Einige sehr kleine, unpolare Moleküle, darunter Sauerstoff und Kohlendioxid, können in einem als einfache Diffusion bezeichneten Prozess direkt die Zellmembran passieren. Im Cafeteria-Beispiel wäre es so, als ob nur eine Linie auf den Boden gemalt wäre, um eine Essenslinie von der anderen zu trennen. Die Schüler würden einfach die Linie überqueren, um von dem überfüllten Bereich auf den offenen Raum zu gelangen. Wassermoleküle sind zwar polar, aber klein genug, um passiv die Zellmembran zu passieren. Die Diffusion von Wasser entlang des Konzentrationsgradienten wird als Osmose bezeichnet.

Aufgrund ihrer Größe und Polarität benötigen viele Moleküle Hilfe bei der Bewegung durch die Zellmembran. In die Membran eingebettete Proteine ​​bieten ein Tor für die Diffusion. Wenn sich Moleküle durch eine offene Proteinpore einen Konzentrationsgradienten hinunterbewegen, wird der Vorgang als Kanaldiffusion bezeichnet. Im Cafeteria-Beispiel wäre das Kanalprotein eine offene Tür zwischen den Räumen.

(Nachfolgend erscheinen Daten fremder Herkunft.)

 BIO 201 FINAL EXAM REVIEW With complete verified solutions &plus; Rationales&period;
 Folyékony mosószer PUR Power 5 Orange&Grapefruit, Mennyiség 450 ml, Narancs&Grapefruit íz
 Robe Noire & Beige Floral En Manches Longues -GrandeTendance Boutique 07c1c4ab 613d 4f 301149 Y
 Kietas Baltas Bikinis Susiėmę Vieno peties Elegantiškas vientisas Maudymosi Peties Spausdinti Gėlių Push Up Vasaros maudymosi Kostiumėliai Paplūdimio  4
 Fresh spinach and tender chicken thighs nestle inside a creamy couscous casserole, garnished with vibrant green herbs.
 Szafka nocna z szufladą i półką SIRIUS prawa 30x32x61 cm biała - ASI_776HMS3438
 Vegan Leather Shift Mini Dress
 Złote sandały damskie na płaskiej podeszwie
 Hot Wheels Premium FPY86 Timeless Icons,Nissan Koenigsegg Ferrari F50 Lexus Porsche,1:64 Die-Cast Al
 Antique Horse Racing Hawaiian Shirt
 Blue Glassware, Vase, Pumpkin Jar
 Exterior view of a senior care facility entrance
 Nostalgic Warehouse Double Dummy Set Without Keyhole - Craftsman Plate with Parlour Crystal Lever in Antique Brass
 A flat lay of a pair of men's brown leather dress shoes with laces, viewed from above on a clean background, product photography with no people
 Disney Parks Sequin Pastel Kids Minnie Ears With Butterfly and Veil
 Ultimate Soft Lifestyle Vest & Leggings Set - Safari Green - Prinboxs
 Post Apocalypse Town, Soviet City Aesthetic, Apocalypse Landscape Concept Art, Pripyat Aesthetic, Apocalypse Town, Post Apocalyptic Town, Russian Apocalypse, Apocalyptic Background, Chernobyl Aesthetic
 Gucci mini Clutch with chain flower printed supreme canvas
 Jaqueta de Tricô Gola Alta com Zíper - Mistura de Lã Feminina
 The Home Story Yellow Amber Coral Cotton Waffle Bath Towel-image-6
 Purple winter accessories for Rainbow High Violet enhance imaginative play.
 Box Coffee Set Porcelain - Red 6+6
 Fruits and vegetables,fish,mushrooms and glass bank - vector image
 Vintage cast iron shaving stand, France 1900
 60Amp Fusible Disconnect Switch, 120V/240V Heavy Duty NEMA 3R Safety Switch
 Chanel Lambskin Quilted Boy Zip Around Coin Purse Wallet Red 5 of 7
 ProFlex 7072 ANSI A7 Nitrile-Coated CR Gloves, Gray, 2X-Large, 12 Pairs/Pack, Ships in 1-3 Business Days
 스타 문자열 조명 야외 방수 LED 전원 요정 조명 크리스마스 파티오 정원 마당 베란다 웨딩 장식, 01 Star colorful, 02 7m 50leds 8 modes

Einige Substanzen können die Zelloberflächenmembran einer Zelle durch einfache Diffusion durch die Phospholipiddoppelschicht passieren. Beschreiben Sie andere Wege, auf denen Substanzen diese Membran passieren.

Andere Möglichkeiten, wie Substanzen die Plasmamembran passieren können, umfassen den erleichterten Transport, bei dem Moleküle oder Ionen mit einem Kanal-/Trägerprotein interagieren müssen, um durch die Membran transportiert zu werden, entlang eines Konzentrationsgradienten, der keine Energie erfordert. Eine andere Methode ist der aktive Transport, bei dem Moleküle über Proteinpumpen bewegt werden, die Energie in Form von ATP benötigen und einen Konzentrationsgradienten nach oben bewegen können. Darüber hinaus kann sich Wasser durch Osmose, von hohem zu niedrigem Wasserpotential, über Aquaporine oder Wasserkanäle durch Membranen bewegen. Alternativ können in Vesikel enthaltene Substanzen die Zelle durch Fusion der Vesikelmembran mit der Plasmamembran verlassen, was zur Freisetzung ihres Inhalts in den extrazellulären Raum führt. Extrazelluläres Material kann auch über Phagozytose in die Zelle eindringen, bei der die Zellmembran die Substanz umgibt und einhüllt, um ein intrazelluläres Vesikel oder eine Vakuole zu bilden.


Schau das Video: Transport i cellemembranen (Januar 2023).